Differences between MH → SW and MH user classes based on linguistic structural, interpersonal awareness and interaction measures. Statistical significance is reported based on Wilcoxon signed rank tests at levels p = .05/N; .01/N; .001/N, (N = 17), following Bonferroni correction.

MH MH → SW z p
Linguistic Structure

nouns 0.294 0.125 6.51 ***
verbs 0.045 0.107 2.19 **
abverbs 0.048 0.099 4.87 ***
readability index 0.609 0.232 5.51 ***
accommodation 0.857 0.487 5.46 **

Interpersonal Awareness

1st person singular 0.018 0.086 −10.6 ***
1st person plural 0.093 0.078 4.53 *
2nd person 0.058 0.031 8.01 *
3rd person 0.087 0.042 6.32 ***

Interaction

posts authored 18.97 10.31 2.53 *
post length 215.62 443.73 −15.4 ***
comments authored 122.42 106.22 0.95 -
comments received 19.862 13.414 1.05 *
comment length authored 63.417 87.116 −1.88 *
comment length received 42.323 26.362 5.44 **
response velocity (mins) 7.746 6.966 0.84 -
vote difference 28.788 7.681 7.18 ***

Observation 1. MH → SW users show poorer linguistic structure and accommodation including lowered readability

Per Table 2, MH → SW use more verbs (z = 2.1) and adverbs (z = 4.8) (which indicate discourse around actions), but less entities, e.g., nouns (z = 6.5). Together this reveals poor linguistic structure [69] and indicates lowered interest in objects and things [12]. Expressing more about actions is also known to be correlated with sensitive disclosure [33]. Further, we observe lower readability index of the posts shared by MH → SW users (z = 5.5); such language framing limitations are linked to decreased cognitive functioning and coherence [53]. Finally, we observe that MH → SW users exhibit lowered sense of linguistic accommodation to the general content on MHs (z = 5.4), compared to the MH users. This may indicate decreased involvement of the MH → SW users with the communities, as well as decreased ability or intent to adjust to their norms and conventions.
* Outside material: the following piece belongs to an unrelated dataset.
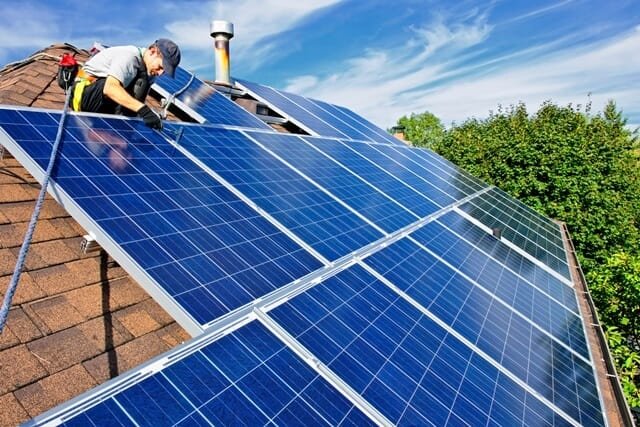  Vezi lista instalatorilor validați la Iaşi în Programul privind instalarea de sisteme fotovoltaice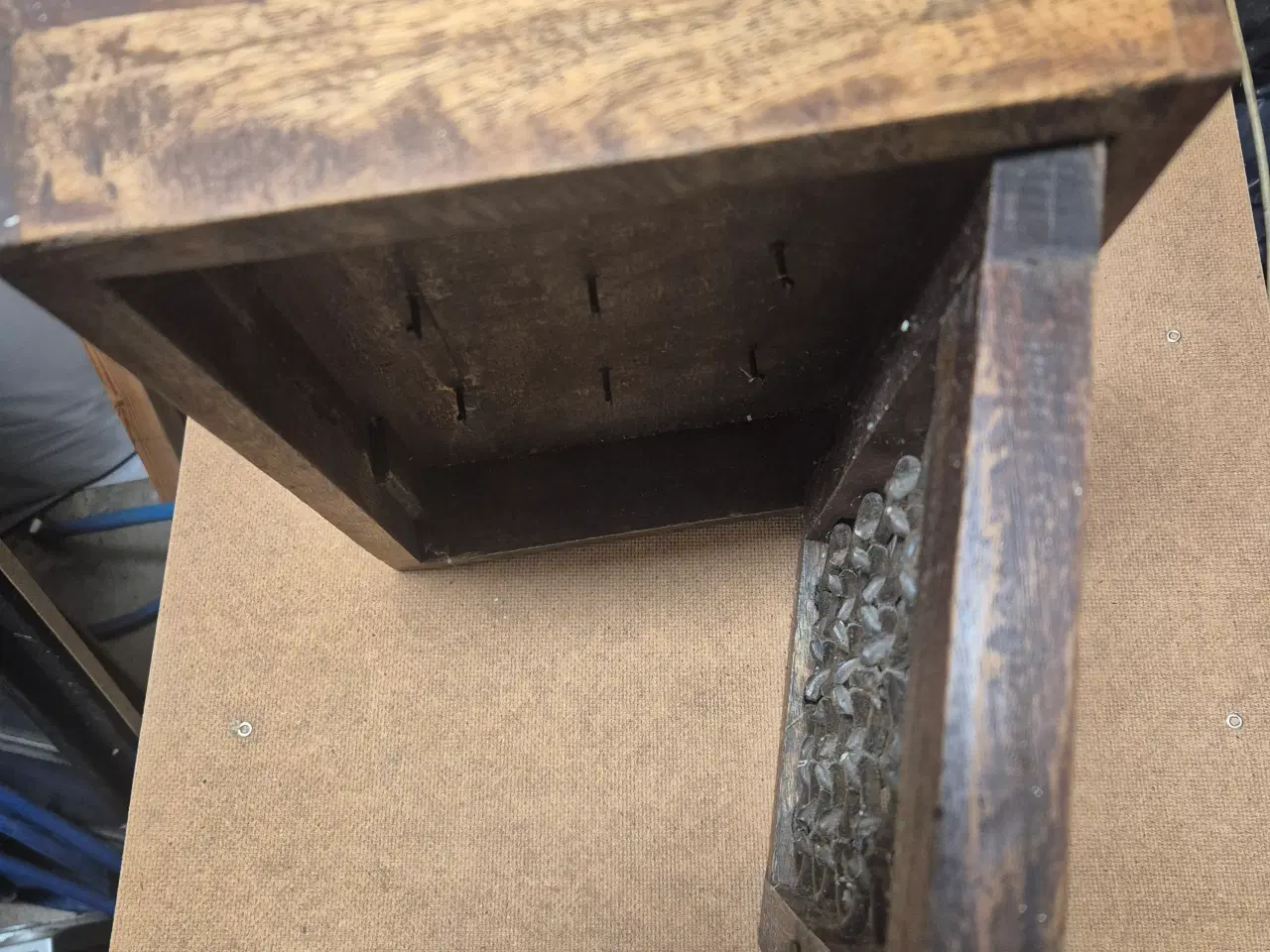 Billede 2 - Rustikt nøgleskab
Observation 2. MH → SW users show higher self-attentional focus and greater detachment from the social realm

MH → SW users also use greater number of first person singular pronouns (z = −10.6). This generally indicates that, MH → SW users convey more personal stories and may be high in self-preoccupation [7]. Lower use of second person pronouns (z = 8), first person plural pronouns (z = 4.5) and third person pronouns (z = 6.3) in posts from MH → SW users might imply less interactive users who are less socially bothered regarding the larger Reddit audience.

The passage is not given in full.